## Assigned task:
Every line from the one holding "газотурбинный кроссовер-кабриолет Mitsubishi" through the last line of the records must be retyped exactly, and no other line or picture may appear in the copy.

## Study material:
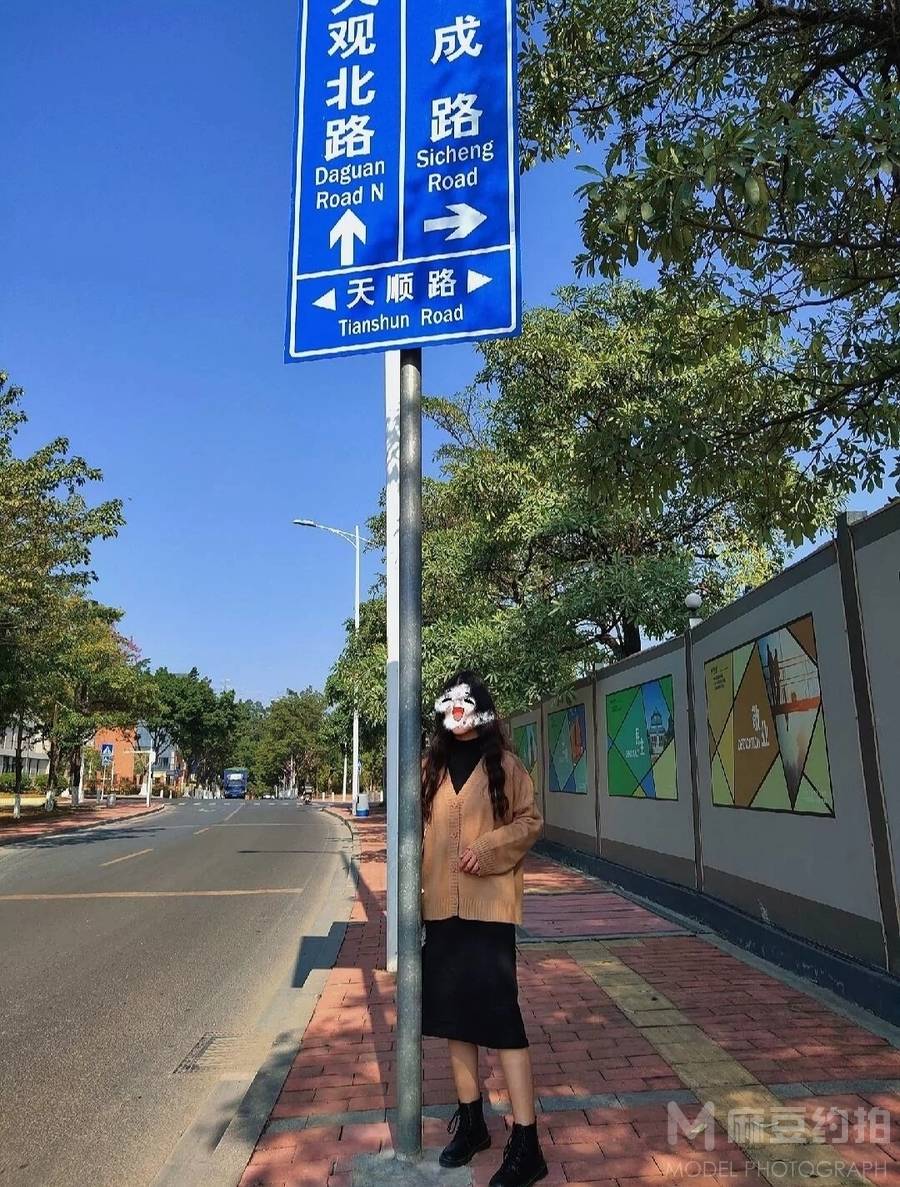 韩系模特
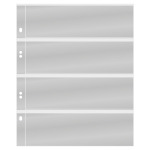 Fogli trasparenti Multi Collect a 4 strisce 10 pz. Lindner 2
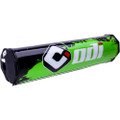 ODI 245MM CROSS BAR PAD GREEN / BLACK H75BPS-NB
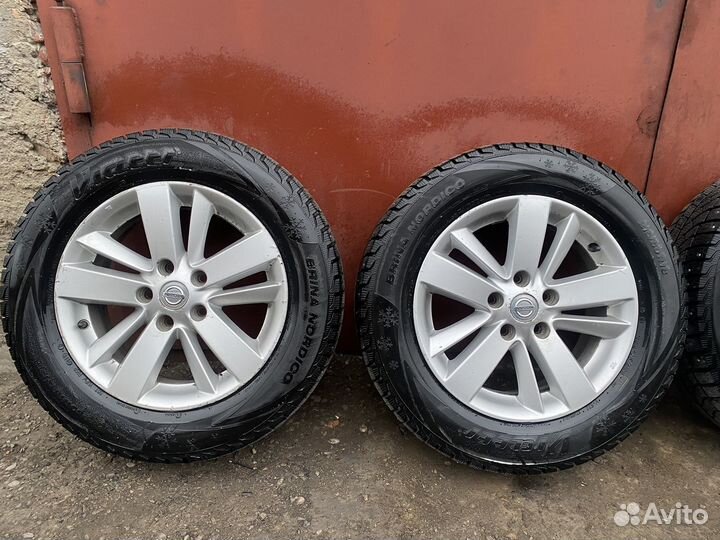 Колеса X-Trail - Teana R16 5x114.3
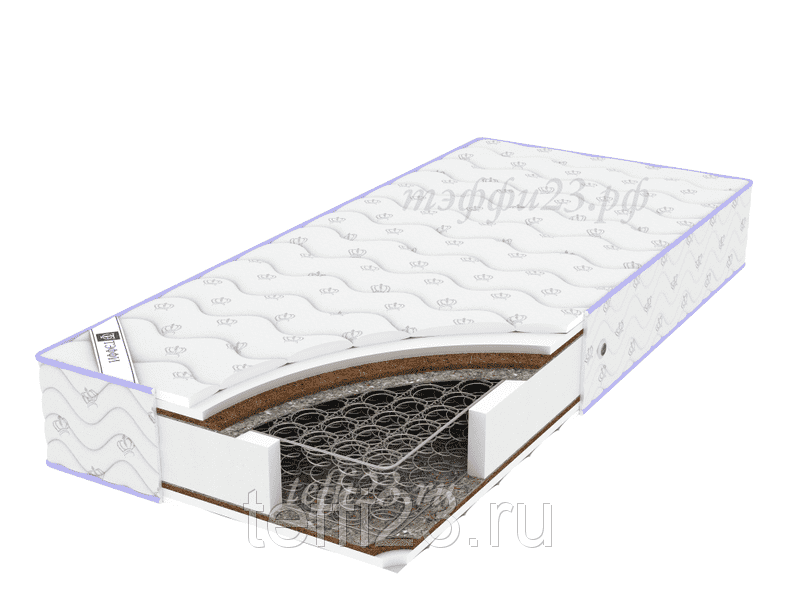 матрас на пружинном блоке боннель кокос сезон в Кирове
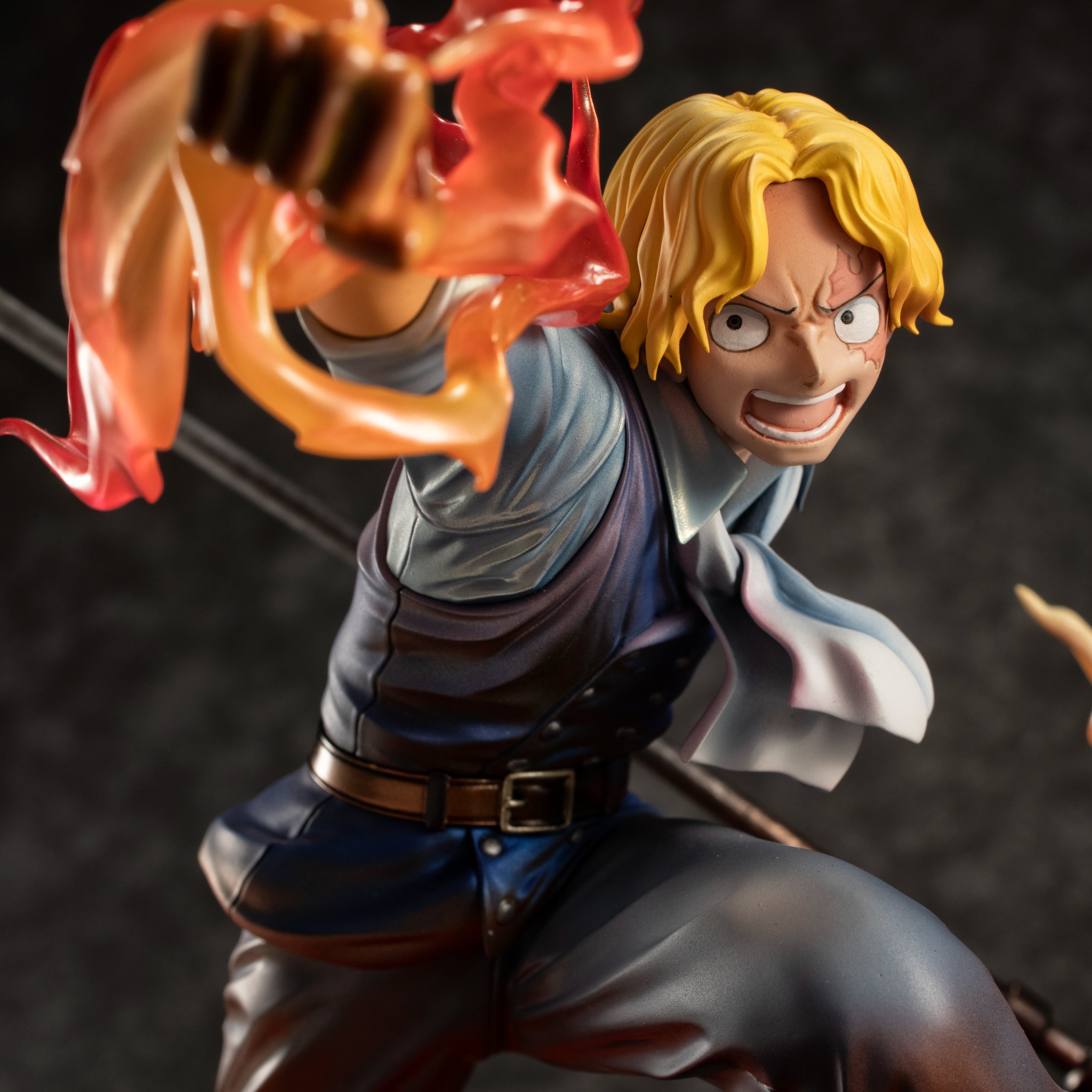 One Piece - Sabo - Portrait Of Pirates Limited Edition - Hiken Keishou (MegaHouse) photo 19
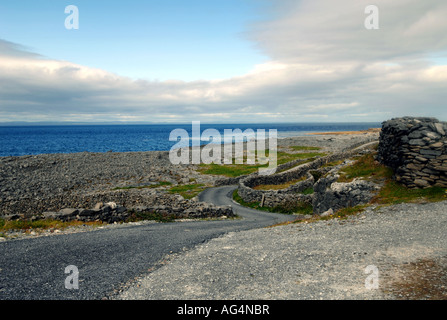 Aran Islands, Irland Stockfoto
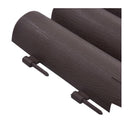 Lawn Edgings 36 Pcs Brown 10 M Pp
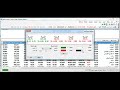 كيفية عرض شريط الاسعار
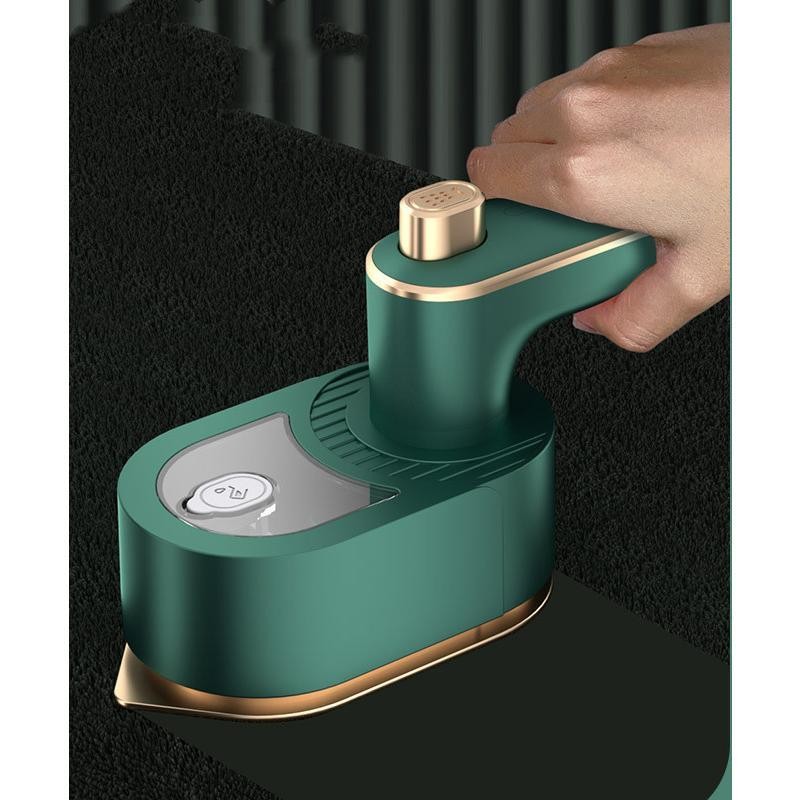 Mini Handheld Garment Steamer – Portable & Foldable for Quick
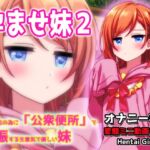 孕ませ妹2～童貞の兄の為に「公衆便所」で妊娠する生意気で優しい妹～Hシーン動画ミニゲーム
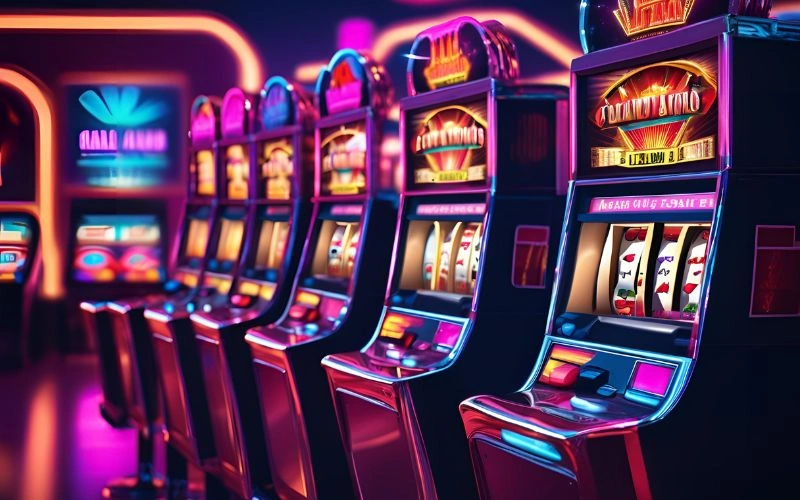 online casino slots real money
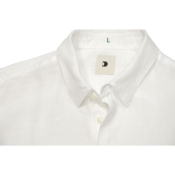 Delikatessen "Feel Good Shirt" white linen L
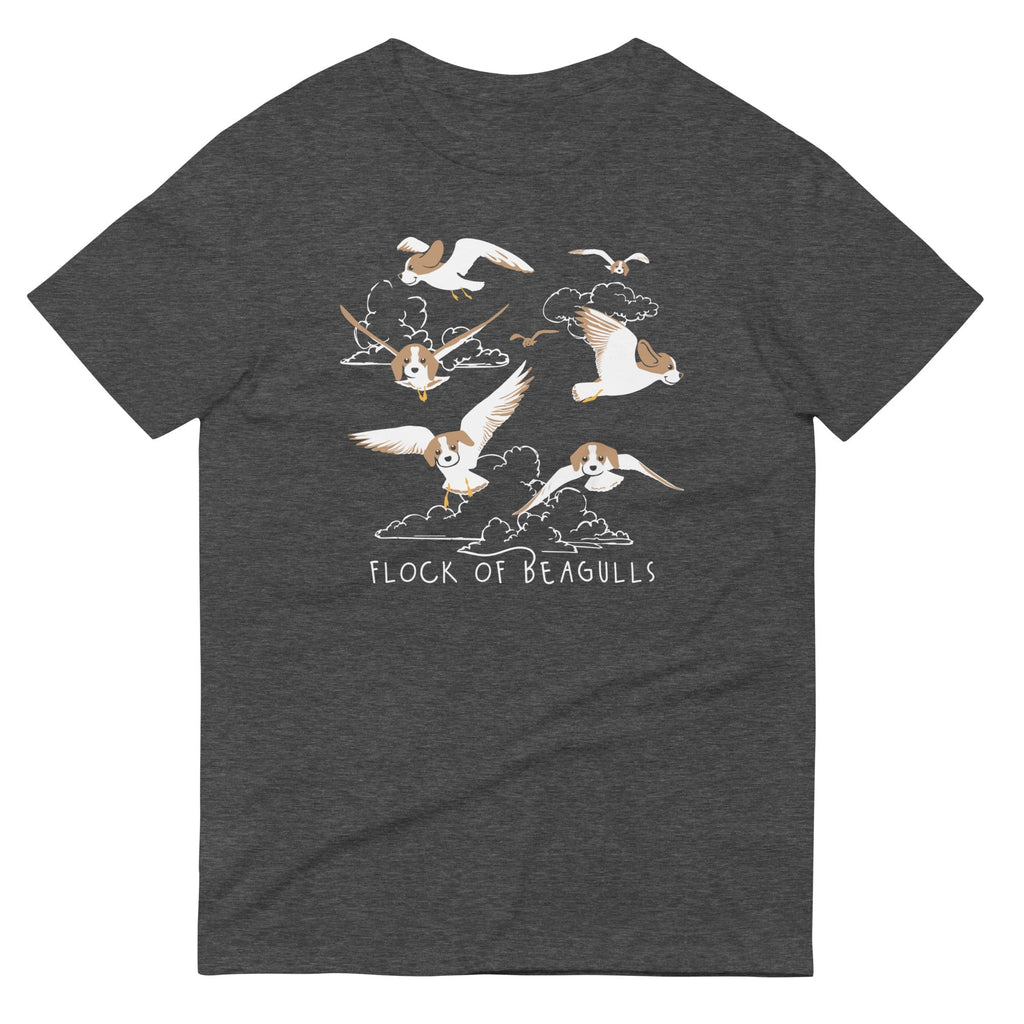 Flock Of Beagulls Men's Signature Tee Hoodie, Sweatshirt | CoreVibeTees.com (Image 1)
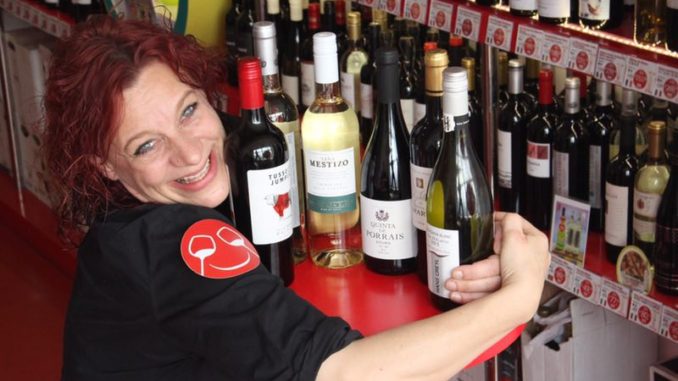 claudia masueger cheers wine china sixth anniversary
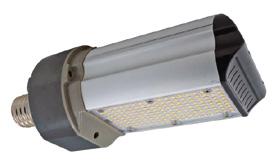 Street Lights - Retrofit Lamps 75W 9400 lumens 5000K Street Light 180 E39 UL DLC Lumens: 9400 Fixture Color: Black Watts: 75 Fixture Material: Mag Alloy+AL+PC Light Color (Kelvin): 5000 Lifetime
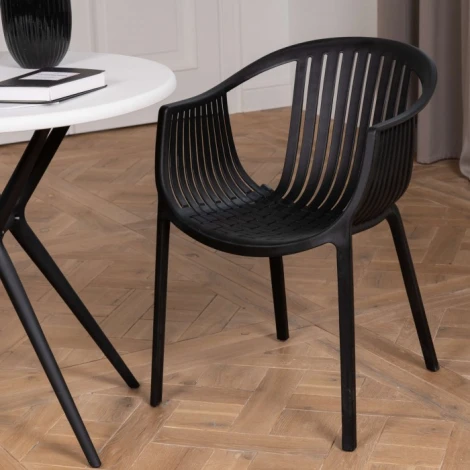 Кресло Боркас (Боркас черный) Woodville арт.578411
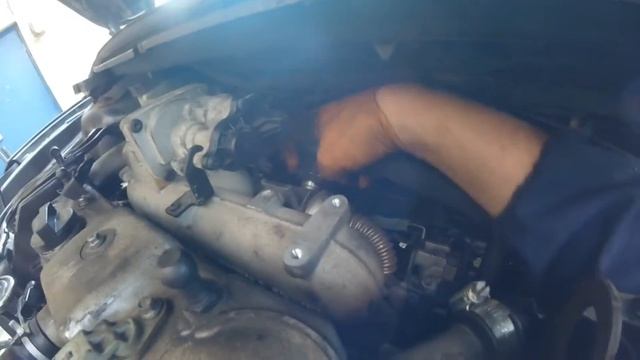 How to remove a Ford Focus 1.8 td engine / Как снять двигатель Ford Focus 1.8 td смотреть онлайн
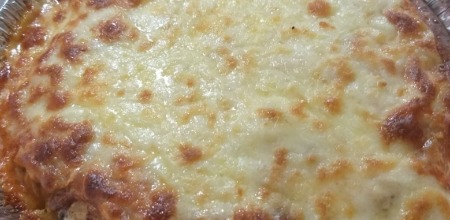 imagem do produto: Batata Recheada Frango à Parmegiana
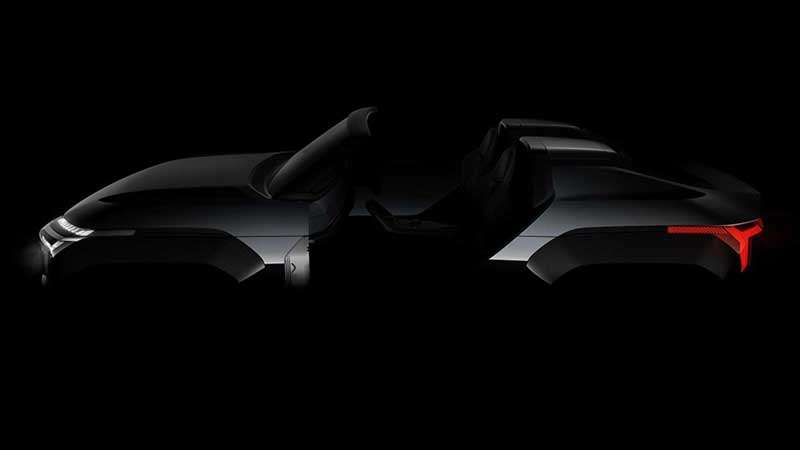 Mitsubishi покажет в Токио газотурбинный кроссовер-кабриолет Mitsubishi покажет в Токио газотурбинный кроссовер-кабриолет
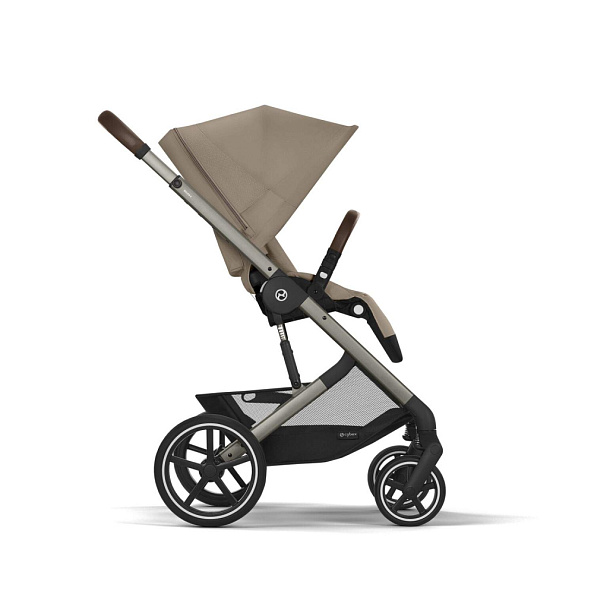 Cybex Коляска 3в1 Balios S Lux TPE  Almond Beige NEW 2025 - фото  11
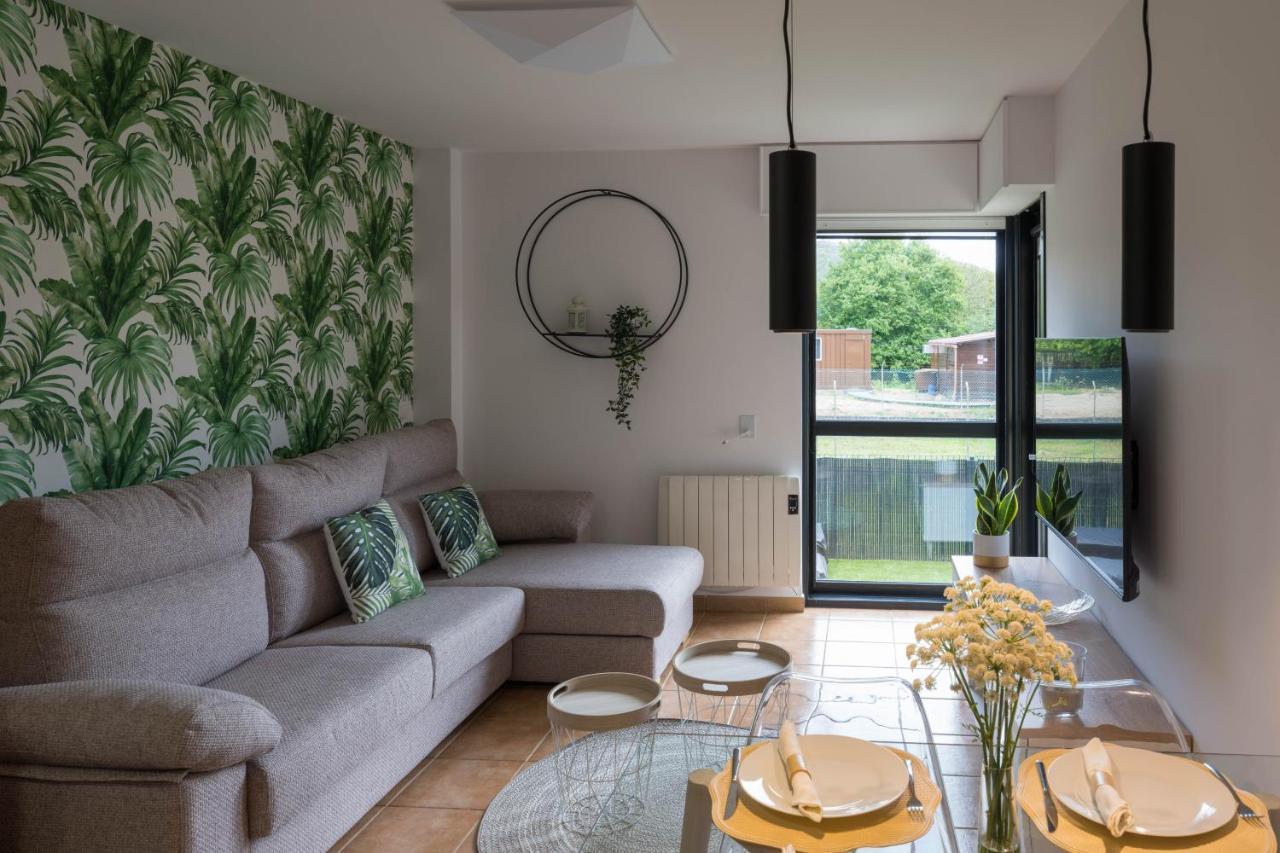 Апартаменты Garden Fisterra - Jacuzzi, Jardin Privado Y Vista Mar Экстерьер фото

## Response to this exercise:
 Mitsubishi покажет в Токио газотурбинный кроссовер-кабриолет Mitsubishi покажет в Токио газотурбинный кроссовер-кабриолет
 Cybex Коляска 3в1 Balios S Lux TPE  Almond Beige NEW 2025 - фото  11
 Апартаменты Garden Fisterra - Jacuzzi, Jardin Privado Y Vista Mar Экстерьер фото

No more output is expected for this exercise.